Task goal
For the records below, print the lines from the line with "sws how it feels" through the line with "Ladies Half Zip" exactly as written; include both end lines and exclude the rest.

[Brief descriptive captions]
==============================
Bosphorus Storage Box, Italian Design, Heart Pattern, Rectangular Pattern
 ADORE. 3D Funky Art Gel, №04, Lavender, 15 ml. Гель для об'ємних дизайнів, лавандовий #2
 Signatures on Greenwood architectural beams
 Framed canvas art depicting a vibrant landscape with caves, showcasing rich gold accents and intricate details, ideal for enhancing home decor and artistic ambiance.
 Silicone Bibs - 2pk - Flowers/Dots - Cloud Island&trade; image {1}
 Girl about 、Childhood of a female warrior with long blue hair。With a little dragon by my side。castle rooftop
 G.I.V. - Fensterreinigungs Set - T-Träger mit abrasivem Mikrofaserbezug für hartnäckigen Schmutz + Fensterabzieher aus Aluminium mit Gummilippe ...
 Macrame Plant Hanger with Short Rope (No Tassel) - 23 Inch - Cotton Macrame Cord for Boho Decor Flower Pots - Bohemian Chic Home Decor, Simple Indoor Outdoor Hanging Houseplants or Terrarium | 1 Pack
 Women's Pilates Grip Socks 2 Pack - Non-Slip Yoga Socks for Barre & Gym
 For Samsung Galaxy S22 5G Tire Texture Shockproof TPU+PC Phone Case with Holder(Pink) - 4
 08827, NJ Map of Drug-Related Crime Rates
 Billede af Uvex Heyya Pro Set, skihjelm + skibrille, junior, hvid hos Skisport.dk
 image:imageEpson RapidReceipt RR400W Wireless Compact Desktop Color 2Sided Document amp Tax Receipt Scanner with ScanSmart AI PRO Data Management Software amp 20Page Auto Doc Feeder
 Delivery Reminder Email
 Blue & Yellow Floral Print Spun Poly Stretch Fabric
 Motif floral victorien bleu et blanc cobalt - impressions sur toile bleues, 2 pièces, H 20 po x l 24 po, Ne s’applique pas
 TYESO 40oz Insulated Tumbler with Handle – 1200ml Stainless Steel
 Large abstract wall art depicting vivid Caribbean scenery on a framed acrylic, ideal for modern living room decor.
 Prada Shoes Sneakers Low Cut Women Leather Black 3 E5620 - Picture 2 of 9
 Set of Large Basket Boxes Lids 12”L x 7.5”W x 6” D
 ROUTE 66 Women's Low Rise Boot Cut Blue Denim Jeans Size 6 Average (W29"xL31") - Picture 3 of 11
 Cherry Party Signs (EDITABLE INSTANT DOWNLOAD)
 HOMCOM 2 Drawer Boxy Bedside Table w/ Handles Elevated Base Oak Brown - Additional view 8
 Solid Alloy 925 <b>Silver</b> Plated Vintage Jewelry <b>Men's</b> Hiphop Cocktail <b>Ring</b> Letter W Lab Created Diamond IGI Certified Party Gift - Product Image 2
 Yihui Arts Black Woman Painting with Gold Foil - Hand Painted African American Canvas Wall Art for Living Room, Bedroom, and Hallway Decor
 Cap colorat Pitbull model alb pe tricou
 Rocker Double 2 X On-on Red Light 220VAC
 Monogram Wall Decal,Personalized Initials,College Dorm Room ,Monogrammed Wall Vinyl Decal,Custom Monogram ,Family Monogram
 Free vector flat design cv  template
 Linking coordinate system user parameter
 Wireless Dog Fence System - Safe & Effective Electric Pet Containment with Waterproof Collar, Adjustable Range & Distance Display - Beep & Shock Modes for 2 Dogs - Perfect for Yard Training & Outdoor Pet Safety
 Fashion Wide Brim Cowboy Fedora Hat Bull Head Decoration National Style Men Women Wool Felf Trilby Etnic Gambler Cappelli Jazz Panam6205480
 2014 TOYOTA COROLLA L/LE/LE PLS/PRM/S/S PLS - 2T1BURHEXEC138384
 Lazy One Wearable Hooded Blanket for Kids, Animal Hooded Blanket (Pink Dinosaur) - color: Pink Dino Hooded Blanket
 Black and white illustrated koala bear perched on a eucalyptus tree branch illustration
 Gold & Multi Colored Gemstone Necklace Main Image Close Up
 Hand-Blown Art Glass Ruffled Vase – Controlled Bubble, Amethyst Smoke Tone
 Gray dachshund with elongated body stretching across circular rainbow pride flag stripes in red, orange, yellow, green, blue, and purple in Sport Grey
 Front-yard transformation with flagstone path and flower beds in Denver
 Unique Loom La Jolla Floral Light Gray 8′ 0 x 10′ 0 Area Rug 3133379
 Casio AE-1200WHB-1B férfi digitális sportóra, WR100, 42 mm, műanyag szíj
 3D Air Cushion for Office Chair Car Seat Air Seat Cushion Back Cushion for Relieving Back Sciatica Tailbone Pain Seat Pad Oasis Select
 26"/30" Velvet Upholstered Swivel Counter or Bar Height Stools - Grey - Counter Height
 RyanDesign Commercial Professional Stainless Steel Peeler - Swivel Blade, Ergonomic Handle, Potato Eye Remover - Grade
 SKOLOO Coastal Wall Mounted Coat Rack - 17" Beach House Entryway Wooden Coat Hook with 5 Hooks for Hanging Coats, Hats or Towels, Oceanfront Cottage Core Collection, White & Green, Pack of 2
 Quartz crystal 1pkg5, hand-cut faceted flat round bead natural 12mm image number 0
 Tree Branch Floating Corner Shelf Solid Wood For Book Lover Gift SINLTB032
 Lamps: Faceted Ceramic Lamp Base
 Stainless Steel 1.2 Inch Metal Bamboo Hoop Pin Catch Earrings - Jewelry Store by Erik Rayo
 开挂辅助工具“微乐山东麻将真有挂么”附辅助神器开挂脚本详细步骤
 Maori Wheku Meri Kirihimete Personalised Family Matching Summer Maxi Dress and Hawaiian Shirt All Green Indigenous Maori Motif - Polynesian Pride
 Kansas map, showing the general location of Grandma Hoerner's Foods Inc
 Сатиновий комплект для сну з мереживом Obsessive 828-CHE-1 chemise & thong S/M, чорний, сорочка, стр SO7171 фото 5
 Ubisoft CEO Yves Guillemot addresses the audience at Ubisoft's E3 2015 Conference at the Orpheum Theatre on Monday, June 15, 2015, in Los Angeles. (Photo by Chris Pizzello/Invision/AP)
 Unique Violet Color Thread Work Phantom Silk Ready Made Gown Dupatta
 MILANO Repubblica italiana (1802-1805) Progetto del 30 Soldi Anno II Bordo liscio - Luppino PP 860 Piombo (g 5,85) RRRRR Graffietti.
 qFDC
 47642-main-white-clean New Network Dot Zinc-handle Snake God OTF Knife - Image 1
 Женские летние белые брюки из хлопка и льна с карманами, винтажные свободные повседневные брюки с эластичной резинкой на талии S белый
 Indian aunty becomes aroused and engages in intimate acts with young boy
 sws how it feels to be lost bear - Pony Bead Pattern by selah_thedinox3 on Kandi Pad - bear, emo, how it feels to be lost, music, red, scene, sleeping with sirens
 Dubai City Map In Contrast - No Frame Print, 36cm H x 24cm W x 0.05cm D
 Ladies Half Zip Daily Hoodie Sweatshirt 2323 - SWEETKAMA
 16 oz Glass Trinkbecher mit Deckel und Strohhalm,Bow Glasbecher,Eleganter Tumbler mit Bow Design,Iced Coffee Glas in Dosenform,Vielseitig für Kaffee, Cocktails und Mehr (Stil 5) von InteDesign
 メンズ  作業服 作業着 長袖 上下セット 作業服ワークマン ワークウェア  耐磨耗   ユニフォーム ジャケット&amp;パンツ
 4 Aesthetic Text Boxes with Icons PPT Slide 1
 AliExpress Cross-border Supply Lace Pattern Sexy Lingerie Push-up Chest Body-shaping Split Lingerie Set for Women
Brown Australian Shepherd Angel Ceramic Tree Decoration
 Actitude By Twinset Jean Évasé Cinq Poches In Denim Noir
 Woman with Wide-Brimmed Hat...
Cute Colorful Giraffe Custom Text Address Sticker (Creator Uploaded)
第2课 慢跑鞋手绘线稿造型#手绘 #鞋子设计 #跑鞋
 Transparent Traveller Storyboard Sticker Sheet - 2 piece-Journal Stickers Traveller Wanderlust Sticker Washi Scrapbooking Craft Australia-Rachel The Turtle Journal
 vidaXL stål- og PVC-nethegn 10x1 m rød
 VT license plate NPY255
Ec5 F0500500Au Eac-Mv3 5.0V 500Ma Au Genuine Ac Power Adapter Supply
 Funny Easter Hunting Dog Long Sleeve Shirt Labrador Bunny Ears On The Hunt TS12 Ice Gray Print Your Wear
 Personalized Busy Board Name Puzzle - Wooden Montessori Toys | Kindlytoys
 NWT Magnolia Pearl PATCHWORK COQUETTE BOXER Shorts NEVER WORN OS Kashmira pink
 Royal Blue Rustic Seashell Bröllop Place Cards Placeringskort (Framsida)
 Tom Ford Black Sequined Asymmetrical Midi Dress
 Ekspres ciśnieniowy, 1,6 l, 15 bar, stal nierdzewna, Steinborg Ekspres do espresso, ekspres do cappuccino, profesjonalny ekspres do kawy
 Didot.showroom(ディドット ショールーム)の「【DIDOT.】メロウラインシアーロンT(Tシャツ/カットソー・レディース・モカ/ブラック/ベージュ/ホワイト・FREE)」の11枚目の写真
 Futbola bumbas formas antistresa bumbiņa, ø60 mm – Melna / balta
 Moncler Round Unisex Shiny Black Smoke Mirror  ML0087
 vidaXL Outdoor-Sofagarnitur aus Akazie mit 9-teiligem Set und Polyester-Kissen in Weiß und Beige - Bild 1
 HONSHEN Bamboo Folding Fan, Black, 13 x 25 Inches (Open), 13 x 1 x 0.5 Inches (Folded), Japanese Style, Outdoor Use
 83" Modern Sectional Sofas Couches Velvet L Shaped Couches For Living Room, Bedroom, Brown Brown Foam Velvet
==============================
Written response
 sws how it feels to be lost bear - Pony Bead Pattern by selah_thedinox3 on Kandi Pad - bear, emo, how it feels to be lost, music, red, scene, sleeping with sirens
 Dubai City Map In Contrast - No Frame Print, 36cm H x 24cm W x 0.05cm D
 Ladies Half Zip Daily Hoodie Sweatshirt 2323 - SWEETKAMA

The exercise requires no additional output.